The affective connotations of a word can best be described as the aura of personal feelings surrounding said word. While there is no necessary agreement about how or what each word emotes, it is the existence of these feelings that enables us to use words, under certain circumstances, for their affective connotations alone, without regard to their informative connotations.
That is to say, when we are strongly moved, we express our feelings by uttering words with their affective connotations appropriate to our feelings, without paying attention to the literal repercussions they may have. In anger, we might call people dirty rats, vultures, and skunks, or alternatively lovingly call someone honey, sugar, duckie or sweetie pie. Indeed, all verbal expressions of feeling make use of the affective connotations of words to some extent.
All words have, according to the usage, some affective character. There are many words that exist more for their affective value than for their informative value: for example, we can refer to ‘that man’ as ‘that gentleman‘, ‘that individual‘, ‘that person‘, ‘that gent‘, ‘that guy‘, ‘that bloke‘, ‘that hombre‘, etc. While the person in question may be the same in all of these cases, each of these terms reveals a difference in our feelings toward him.
Dealers of knick-knacks can be found to write ‘Gyfte Shoppe‘ over the door, hoping that such a spelling carries, even if their merchandise does not, the flavour of antiquity.
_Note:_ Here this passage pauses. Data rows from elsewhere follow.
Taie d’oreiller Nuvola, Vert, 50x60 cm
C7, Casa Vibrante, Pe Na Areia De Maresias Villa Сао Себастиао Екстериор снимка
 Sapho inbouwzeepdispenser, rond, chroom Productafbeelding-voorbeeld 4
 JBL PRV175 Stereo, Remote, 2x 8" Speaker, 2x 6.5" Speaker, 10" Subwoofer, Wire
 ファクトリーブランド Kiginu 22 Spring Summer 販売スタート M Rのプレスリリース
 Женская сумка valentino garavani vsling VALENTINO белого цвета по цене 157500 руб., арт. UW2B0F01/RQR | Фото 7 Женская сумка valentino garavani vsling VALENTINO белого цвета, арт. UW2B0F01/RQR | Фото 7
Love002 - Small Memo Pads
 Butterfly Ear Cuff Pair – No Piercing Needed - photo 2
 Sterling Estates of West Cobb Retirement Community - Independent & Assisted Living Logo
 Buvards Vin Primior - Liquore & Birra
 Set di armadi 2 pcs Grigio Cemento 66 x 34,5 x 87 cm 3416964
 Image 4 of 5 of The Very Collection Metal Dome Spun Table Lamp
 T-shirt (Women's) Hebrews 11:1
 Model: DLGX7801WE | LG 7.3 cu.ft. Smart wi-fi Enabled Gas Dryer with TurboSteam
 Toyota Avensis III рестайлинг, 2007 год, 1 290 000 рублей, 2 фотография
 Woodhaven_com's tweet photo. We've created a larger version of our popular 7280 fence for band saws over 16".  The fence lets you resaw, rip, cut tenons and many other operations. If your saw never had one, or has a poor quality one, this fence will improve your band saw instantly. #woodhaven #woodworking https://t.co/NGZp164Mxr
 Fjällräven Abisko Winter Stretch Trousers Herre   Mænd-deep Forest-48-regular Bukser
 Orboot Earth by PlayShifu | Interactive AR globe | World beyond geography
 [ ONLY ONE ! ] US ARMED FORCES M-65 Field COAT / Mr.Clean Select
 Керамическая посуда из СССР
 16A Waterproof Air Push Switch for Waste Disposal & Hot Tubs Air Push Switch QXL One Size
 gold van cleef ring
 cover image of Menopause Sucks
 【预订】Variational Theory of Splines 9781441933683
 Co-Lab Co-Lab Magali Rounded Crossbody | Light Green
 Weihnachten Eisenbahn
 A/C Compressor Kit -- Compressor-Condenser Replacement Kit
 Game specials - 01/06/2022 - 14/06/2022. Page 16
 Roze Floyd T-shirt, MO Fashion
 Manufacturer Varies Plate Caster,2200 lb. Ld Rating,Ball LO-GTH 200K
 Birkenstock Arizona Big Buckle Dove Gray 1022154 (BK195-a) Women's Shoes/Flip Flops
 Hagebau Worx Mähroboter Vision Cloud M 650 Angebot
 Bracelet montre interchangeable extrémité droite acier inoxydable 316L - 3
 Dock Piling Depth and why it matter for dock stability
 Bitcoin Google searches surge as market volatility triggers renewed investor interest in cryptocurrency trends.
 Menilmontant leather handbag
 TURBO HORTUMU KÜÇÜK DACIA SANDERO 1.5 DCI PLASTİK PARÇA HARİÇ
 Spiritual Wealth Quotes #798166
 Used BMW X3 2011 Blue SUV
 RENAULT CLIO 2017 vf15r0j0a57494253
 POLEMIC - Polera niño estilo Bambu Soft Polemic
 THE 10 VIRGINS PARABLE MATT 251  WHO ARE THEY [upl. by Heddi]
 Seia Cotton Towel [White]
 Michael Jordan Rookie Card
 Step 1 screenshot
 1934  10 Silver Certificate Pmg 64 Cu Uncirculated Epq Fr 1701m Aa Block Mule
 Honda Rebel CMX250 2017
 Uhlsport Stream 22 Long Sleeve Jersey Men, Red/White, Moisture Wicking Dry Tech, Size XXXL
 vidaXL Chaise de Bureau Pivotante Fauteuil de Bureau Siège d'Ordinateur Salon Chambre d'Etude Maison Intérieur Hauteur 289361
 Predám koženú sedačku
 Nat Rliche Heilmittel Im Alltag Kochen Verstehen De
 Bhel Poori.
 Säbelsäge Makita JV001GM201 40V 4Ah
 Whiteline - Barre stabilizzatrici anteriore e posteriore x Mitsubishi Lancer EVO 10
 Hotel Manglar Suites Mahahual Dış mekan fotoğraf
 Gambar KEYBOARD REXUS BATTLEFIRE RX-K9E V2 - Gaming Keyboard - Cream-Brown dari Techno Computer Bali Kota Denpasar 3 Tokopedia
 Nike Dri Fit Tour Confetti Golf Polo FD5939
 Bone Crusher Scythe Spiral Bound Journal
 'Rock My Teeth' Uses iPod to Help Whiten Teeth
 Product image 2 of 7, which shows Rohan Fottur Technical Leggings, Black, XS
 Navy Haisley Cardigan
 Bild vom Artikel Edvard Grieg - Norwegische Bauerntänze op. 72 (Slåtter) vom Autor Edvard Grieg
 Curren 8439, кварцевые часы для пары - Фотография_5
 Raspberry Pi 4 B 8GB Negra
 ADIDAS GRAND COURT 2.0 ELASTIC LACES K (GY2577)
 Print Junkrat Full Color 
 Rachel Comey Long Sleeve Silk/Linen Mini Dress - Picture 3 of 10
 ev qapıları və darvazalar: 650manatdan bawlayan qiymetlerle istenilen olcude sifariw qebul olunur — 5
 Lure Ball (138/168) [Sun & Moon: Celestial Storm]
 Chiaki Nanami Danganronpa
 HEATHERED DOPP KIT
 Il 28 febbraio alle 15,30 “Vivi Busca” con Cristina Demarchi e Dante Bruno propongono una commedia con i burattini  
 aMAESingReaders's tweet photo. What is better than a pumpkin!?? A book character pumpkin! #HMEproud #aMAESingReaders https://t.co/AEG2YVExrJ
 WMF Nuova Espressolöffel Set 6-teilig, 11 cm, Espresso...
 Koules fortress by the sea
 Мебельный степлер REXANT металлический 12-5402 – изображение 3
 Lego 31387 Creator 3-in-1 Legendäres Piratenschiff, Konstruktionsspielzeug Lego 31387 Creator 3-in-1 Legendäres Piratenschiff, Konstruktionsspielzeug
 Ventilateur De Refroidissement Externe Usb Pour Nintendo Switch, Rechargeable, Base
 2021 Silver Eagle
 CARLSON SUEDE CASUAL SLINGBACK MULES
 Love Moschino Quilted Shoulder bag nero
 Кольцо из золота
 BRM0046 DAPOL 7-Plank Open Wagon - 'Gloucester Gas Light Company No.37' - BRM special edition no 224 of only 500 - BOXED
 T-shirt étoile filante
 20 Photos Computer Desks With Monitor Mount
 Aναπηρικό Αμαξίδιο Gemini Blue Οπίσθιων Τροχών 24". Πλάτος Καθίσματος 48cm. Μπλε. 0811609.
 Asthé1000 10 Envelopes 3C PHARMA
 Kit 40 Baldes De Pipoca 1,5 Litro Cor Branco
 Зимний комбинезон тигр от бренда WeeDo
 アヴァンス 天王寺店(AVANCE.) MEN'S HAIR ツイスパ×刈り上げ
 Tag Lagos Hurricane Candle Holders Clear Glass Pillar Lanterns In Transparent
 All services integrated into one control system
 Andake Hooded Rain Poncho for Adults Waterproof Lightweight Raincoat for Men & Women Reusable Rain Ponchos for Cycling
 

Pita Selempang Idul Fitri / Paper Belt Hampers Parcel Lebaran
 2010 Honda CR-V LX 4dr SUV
Affective connotations suggestive of England and Scotland are often sought in the choice of brand names for men’s suits and overcoats to imply style and sophistication: ‘Glenmoor‘. ‘Regent Park‘, ‘Bond Street‘. Sellers of perfume choose names for their products that suggest France for the traditional romantic element: ‘Mon Désir‘, ‘Indiscret‘, ‘Evening in Paris‘ – and expensive brands always come in ‘flacons‘, never bottles.